CV Techniques

Fourier Transform – What and When

What:

-            Converts image from spatial domain to frequency domain

 

When:

-            Removing periodic noise

-            Analysing texture

-            Fast convolution (via FFT)

Fourier Transform – Why and Limitations

Why:

-            Efficient for large kernels

-            Reveals global frequency structure

 

Limitation:

-            Loses spatial localisation

Background Subtraction – What and When

What:

-            Separate moving subject from static background

 

When:

-            Gait silhouette extraction

-            Removing background clutter before segmentation

Background Subtraction – Why and Limitations

Why:

-            Simple and computationally efficient

-            Good for detecting motion

-            Clean silhouettes

 

Limitations:

-            Illumination changes

-            Dynamic backgrounds

Temporal Averaging

-            Good for stable scenes,

-            fails with illumination change

Spatiotemporal Averaging

-            more robust,

-            smooth noise across space and time

Temporal Median

-            best for removing intermittent motion,

-            robust to outliers

Mixture of Gaussians – What and When

What:

-            Models each pixel as multiple Gaussians

 

When:

-            Outdoor gait videos

-            Waving trees

-            Shadows

Mixture of Gaussians – Why and Limitations

Why:

-            more robust than simple averaging

-            handles dynamic backgrounds

-            silhouette extraction in gait

 

Limitations:

-            computationally heavier

-            Sudden illumination changes

-            If person stands still, absorbs into background

Template Convolution – What and When

What:

-            Apply filters

 

When:

-            Edge detection

-            Template matching

Template Convolution – Why and Limitations

Why:

-            Simple

-            Fast

-            Deterministic

-            Robust to small noise

 

Limitations:

-            Requires alignment

-            Computationally expensive

-            Sensitive to illumination changes

-            Not invariant to deformation

Statistical Filters – Mean

-            Smooths noise

-            Blurs edges

Statistical Filters – Median

-            Removes salt-and-pepper noise

-            Preserves edges

Statistical Filters – Gaussian

-            Smooths while preserving structure

-            Good pre-processing for edges

Gabor – What and when

What:

-            Capture local frequency and orientation

 

When:

-            Fingerprint ridge orientation

-            Iris texture encoding

-            Face recognition

-            Image coding

-            Image restoration

Gabor – Why and Limitations

Why:

-            Excellent for texture-based biometrics

-            Good for noise and illumination changes

-            multi-scale and multi-orientation

 

Limitations

-            computationally expensive

-            Sensitive to misalignment and occlusion

-            High-dimensional feature vectors

Intensity and Spatial Processing – Histogram Equalisation

-            Redistributes intensities to make histogram uniform

-            Boosts global contrast

Intensity and Spatial Processing – histogram normalisation

-            Forces image to have specific mean and variance

-            Consistent brightness/contrast across samples

Intensity and Spatial Processing – scaling

Linear – linearly maps pixel values from original range to new range

 

Linear with clipping – same as linear but clamps extreme values to avoid amplifying noise

 

Absolute value scaling – takes absolute pixel intensities before scaling (when filters produce negative values that need to be converted to usable form)
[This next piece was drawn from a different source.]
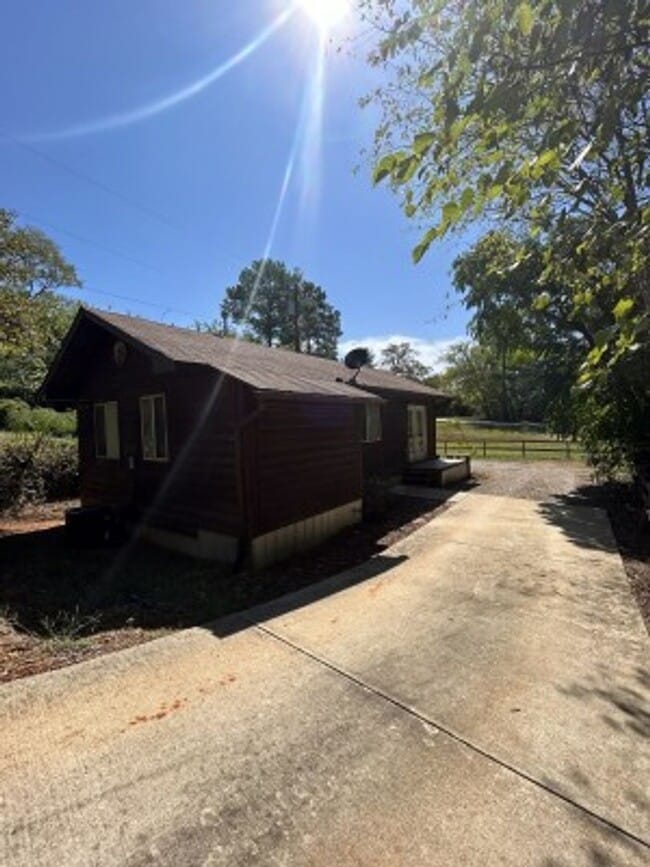 Building Photo - 17032 County Rd 1261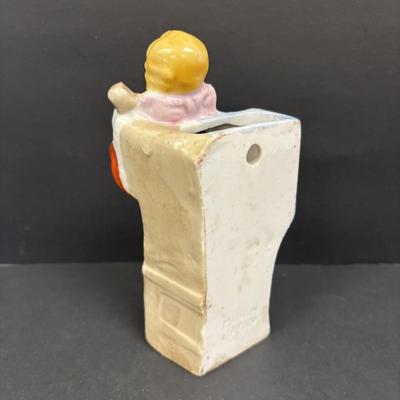 LOT 148: Vintage Wall Pocket Collections: Cuckoo Clock, Floral, Figurine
Intensity and Spatial Processing – Histogram stretching

-            Expands narrow intensity range to fill full dynamic range

-            Enhances contrast

Edge detection – First and Second derivative

First = gradient

-            Detects edge magnitude and direction

 

Second = Laplacian

-            Detects zero-crossings à edge localisation

 

When

-            Extracting boundaries (iris, palm lines, silhouette)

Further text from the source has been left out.